Although Trump has no right to replace Powell before his term ends, he may use him as a “target of criticism” and urge the Federal Reserve to cut interest rates, as he did in 2018.

The market generally hopes that interest rates will continue to fall, and this assumption is a prerequisite for the stock market to rise in 2025. Fundstrat's Tom Lee (Tom Lee) said that next year the stock market will still enjoy the “back-up policy” of the Federal Reserve, that is, to support the market through loose monetary policy.

UBS, DataTrek Research, and Morgan Stanley all cited falling interest rates as the main reason they are optimistic about the 2025 stock market. However, if interest rate expectations change unexpectedly, it could disrupt these predictions and put downward pressure on the stock market.

Artificial Intelligence: Delivering on Expectations

In 2024, the popularity of artificial intelligence (AI) related stocks will continue unabated. Nvidia (Nvidia) rose 170% this year, reaching a new high after tripling in 2023; other AI concept stocks such as Palantir, Vertiv, and Broadcom rose 329%, 159%, and 93%, respectively.

But to maintain this trend, investors need to see that these companies' huge investments in AI infrastructure can translate into substantial revenue and profit growth. If the return on AI investment is not realized, AI chip makers like Nvidia and Broadcom could risk a sharp decline in capital investment.

Baird technology strategist Ted Mortonson (Ted Mortonson) previously told “Business Insider”: “Wall Street's problem now is that they have invested more than 200 billion dollars, and capital expenditure has increased by more than 50%, so where is the return on capital?”

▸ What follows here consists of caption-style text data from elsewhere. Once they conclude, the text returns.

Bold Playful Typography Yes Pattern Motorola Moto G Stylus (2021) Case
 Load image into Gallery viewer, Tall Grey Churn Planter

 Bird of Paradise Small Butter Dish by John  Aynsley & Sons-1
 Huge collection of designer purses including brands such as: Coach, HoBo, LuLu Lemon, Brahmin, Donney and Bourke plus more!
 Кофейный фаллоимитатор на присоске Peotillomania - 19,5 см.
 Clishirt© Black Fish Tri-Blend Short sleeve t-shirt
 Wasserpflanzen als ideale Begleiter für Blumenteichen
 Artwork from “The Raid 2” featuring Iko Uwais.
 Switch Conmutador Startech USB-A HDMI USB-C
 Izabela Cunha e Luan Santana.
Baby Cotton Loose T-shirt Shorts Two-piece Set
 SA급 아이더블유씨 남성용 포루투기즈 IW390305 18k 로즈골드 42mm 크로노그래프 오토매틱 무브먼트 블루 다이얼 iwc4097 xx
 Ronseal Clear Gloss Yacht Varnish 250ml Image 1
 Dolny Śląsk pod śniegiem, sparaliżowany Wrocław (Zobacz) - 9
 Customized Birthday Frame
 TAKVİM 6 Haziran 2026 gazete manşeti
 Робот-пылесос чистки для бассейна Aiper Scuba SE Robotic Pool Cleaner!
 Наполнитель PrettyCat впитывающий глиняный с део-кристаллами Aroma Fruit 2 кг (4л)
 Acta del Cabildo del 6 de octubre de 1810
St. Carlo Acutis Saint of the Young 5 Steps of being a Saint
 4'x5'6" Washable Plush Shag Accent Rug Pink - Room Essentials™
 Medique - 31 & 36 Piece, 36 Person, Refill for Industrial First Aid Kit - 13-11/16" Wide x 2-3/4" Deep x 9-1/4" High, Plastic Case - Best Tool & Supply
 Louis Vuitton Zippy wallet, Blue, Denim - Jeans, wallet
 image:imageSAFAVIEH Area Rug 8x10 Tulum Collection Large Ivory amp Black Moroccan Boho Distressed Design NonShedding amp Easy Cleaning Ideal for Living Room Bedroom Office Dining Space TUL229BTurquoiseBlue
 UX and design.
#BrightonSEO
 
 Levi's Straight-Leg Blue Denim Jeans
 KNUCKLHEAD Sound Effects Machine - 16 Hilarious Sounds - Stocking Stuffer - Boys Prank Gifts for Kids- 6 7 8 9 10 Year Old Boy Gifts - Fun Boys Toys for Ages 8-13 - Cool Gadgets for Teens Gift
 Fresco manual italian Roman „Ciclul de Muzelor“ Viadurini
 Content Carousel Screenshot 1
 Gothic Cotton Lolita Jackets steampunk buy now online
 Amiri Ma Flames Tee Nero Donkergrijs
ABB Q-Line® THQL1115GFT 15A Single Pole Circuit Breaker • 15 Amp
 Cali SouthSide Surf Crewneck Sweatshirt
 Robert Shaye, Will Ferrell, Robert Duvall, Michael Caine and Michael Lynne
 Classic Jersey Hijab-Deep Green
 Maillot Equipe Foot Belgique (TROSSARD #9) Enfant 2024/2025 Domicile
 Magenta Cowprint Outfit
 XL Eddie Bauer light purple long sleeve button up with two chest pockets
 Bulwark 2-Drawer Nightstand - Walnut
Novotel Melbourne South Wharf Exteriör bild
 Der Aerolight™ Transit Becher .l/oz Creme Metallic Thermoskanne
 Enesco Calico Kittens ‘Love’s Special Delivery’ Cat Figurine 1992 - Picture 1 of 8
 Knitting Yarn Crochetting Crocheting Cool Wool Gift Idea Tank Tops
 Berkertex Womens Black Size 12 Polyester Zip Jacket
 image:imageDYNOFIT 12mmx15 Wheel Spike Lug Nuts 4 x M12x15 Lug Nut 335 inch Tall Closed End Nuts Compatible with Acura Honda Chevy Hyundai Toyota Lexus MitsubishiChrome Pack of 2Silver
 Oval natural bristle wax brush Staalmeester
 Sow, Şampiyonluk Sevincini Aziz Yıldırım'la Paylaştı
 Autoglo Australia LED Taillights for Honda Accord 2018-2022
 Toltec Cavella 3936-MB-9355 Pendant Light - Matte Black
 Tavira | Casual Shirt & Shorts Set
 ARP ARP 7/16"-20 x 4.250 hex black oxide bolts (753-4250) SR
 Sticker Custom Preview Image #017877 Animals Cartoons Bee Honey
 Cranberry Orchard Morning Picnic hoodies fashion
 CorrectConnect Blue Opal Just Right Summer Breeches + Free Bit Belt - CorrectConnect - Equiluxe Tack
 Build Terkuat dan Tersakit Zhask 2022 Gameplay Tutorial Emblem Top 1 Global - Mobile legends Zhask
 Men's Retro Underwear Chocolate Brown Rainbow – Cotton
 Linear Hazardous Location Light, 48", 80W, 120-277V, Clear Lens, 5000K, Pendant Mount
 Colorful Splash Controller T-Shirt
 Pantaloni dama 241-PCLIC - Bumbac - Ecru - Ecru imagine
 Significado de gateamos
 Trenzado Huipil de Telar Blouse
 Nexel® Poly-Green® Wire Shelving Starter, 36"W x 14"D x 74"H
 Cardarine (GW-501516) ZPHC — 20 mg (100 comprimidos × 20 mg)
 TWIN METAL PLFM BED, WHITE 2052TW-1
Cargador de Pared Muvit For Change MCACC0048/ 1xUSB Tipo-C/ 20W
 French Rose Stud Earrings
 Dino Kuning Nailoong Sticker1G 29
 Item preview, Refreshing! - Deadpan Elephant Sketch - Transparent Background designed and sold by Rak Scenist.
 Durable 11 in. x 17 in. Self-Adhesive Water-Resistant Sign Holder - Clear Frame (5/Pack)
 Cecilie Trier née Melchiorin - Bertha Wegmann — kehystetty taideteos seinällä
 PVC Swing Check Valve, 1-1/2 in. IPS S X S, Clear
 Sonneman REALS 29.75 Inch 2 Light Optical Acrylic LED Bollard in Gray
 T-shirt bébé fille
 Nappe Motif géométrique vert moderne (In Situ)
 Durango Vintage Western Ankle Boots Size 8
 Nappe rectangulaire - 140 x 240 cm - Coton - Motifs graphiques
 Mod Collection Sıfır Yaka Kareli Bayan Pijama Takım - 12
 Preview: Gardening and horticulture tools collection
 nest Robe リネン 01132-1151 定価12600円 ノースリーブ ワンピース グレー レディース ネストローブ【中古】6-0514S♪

Furthermore, the market expects AI-driven productivity growth to boost the overall economy. Failure to see the expected surge in productivity in 2025 could trigger a volatile shock in the technology sector, which has been the main driving force behind the rise in the stock market over the past two years.

Consumers, the Economy, and Corporate Profits

Over the past two years, the continued strength of the economy and the avoidance of recession have taken the market by surprise. Economists and strategists generally expect the economy to fall into recession in 2023 and 2024, but actual GDP growth is close to 3%, higher than pre-pandemic levels.

If the stock market reaches a new high next year, consumer resilience, continued economic growth, and the steady performance of corporate profits will be the key. In its outlook, UBS stated: “Our forecast for the target of 6,600 points for December 2025 is based on steady economic growth.” This view was shared by almost all strategists.

However, BCA Research is one of the few bearish institutions on Wall Street, believing that Trump's policies could damage consumer balance sheets by triggering trade wars and driving up inflation. The company predicts that the S&P 500 could drop more than 25% to 4,450 points.

The stock market outlook for 2025 will unfold due to a combination of factors. From the uncertainty of Trump's policies to the need to fulfill AI investments, to the resilience of consumers and the economy, the market will face new opportunities and challenges. Although most analysts are optimistic about the future of the S&P 500, the potential risks cannot be ignored.

The translation is provided by third-party software.